Plasma	Collect plasma using EDTA or heparin as an anticoagulant. Centrifuge samples at 4°C for 15 mins at 1000 × g within 30 mins of collection. Collect the plasma fraction and assay promptly or aliquot and store the samples at -80°C. Avoid multiple freeze-thaw cycles. Note: Over haemolysed samples are not suitable for use with this kit.
Urine & Cerebrospinal Fluid	Collect the urine (mid-stream) in a sterile container, centrifuge for 20 mins at 2000-3000 rpm. Remove supernatant and assay immediately. If any precipitation is detected, repeat the centrifugation step. A similar protocol can be used for cerebrospinal fluid.
Cell culture supernatant	Collect the cell culture media by pipette, followed by centrifugation at 4°C for 20 mins at 1500 rpm. Collect the clear supernatant and assay immediately.
Cell lysates	Solubilize cells in lysis buffer and allow to sit on ice for 30 minutes. Centrifuge tubes at 14,000 x g for 5 minutes to remove insoluble material. Aliquot the supernatant into a new tube and discard the remaining whole cell extract. Quantify total protein concentration using a total protein assay. Assay immediately or aliquot and store at ≤ -20 °C.

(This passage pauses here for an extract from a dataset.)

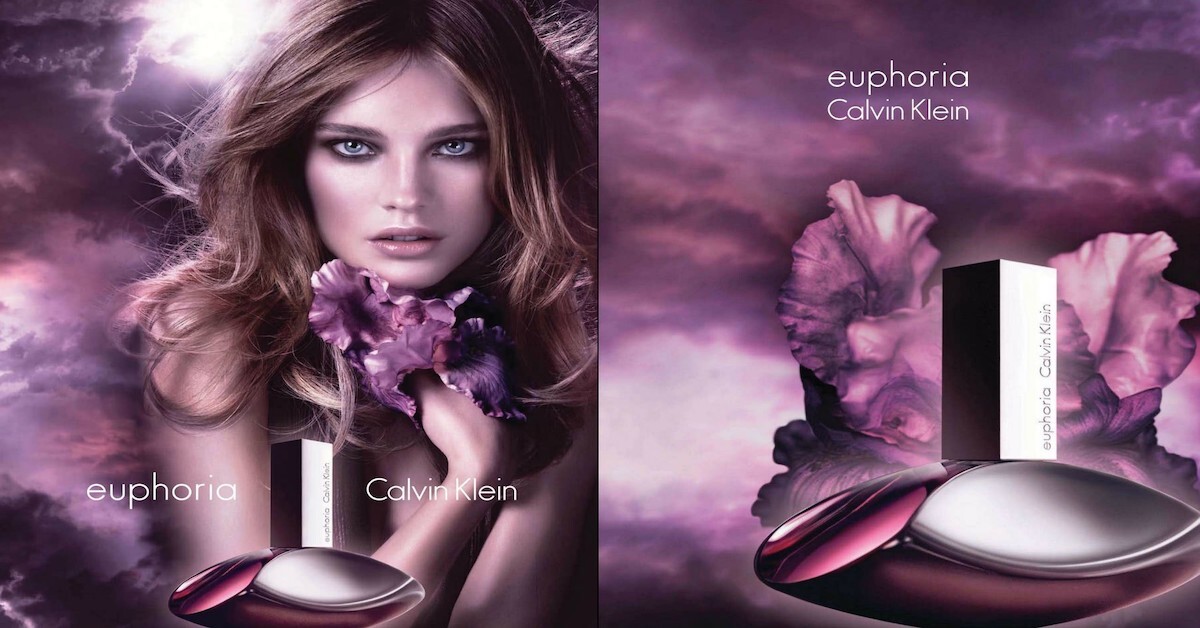 Nước Hoa Nữ Calvin Klein Euphoria EDP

Tissue homogenates	The preparation of tissue homogenates will vary depending upon tissue type. Rinse tissue with 1X PBS to remove excess blood & homogenize in 20ml of 1X PBS (including protease inhibitors) and store overnight at ≤ -20°C. Two freeze-thaw cycles are required to break the cell membranes. To further disrupt the cell membranes you can sonicate the samples. Centrifuge homogenates for 5 mins at 5000xg. Remove the supernatant and assay immediately or aliquot and store at -20°C or -80°C.
Tissue lysates	Rinse tissue with PBS, cut into 1-2 mm pieces, and homogenize with a tissue homogenizer in PBS. Add an equal volume of RIPA buffer containing protease inhibitors and lyse tissues at room temperature for 30 minutes with gentle agitation. Centrifuge to remove debris. Quantify total protein concentration using a total protein assay. Assay immediately or aliquot and store at ≤ -20 °C.
Breast Milk	Collect milk samples and centrifuge at 10,000 x g for 60 min at 4°C. Aliquot the supernatant and assay. For long term use, store samples at -80°C. Minimize freeze/thaw cycles.